They have built-in APIs or databases, which are super convenient for developers.
As a developer, you are much more productive, because you don’t have to wire things up, configure third-party services. The choice is already made for you.
But I’m seeing those batteries more and more being externalized, as their own standalone products.
Google Cloud has externalized things like its NoSQL database, its Pub/Sub message hub, its scheduler, its task handling capabilities. Before those services were actually part of the Platform-as-a-Service.
However great having built-in powerful batteries is, often these are proprietary and specific to that platform.
You end up being locked to the platform you’re building upon.
It can be a choice, as long as you are aware of it.
It’s a trade-off between portability and time-to-market.
You might still be tied to those products, but at least, you can still move the business logic around, if those services are externalized.
And you can create a level of indirection to be able, some day, potentially, to move away from those service dependencies if needed.
A common issue you hear about in serverless-land is the infamous “Cold Start”.

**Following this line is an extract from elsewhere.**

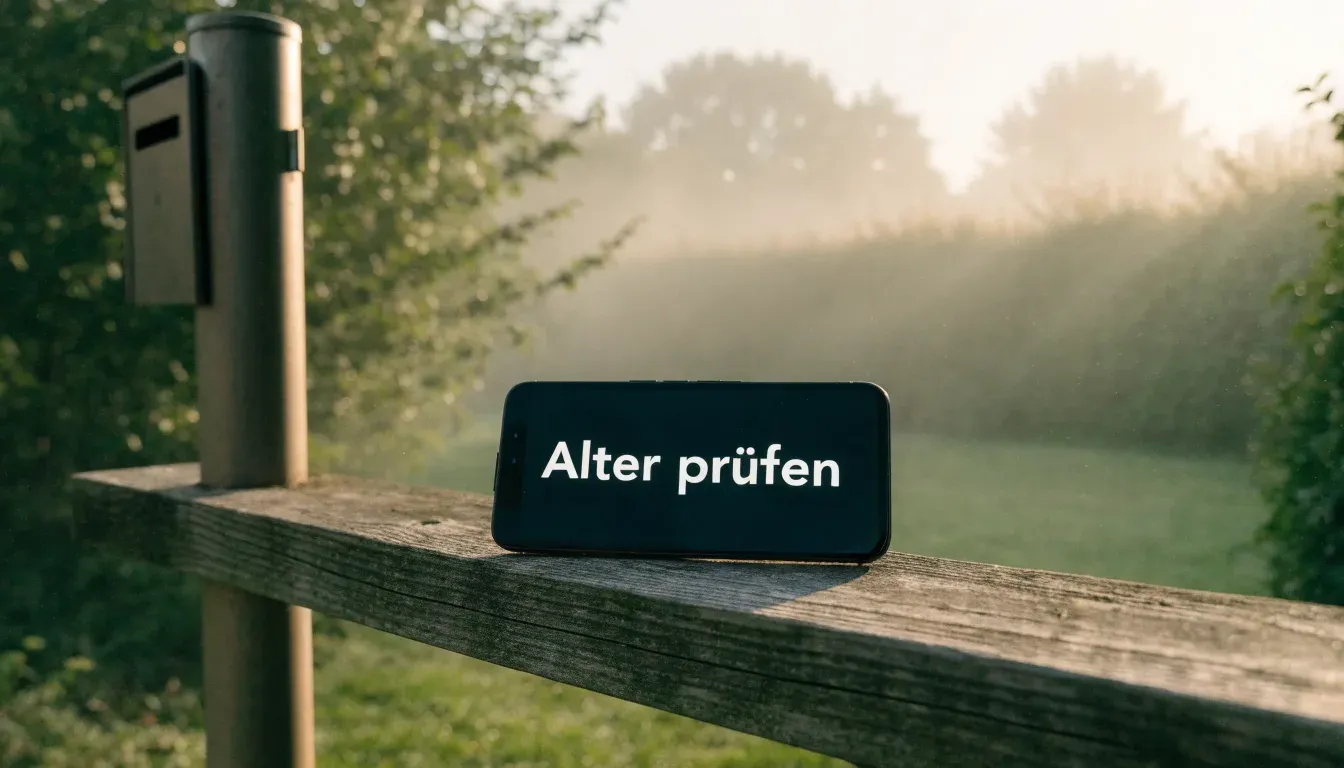 Ein Briefkasten aus Metall hängt an einem Holzzaun, dahinter liegt ein Garten im Morgennebel.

Since you can scale to zero, it means there’s currently no server, instance, or clone, to serve an incoming request.
So what happens? The cloud provider has to reinitialize, re-instantiate, re-hydrate some kind of server, VM, or container.
Additionally, the underlying language runtime has to startup as well, initializing its internal data structures.
Not only that, but your app also needs to get started too.
So you’d better try to minimize the time your apps need to be ready to serve their first request. Since you have control over this part.
There are workarounds, like pinging your service at regular intervals to keep it warm, but it’s a bit of a hack, or even an anti-pattern.
Depending on the pricing, that might mean you’re paying for nothing potentially, for something that’s sitting idle.
Some platforms provide some knobs that you can play with like “min instances” or “provisioned instances”, usually at a lower price.
For instance, on Google Cloud Functions or Cloud Run, you can specify that you want a certain minimum number of instances that are already warm, and ready to serve, and that are cheaper.
I mention a minimum number of instances, but what about the notion of maximum number of instances?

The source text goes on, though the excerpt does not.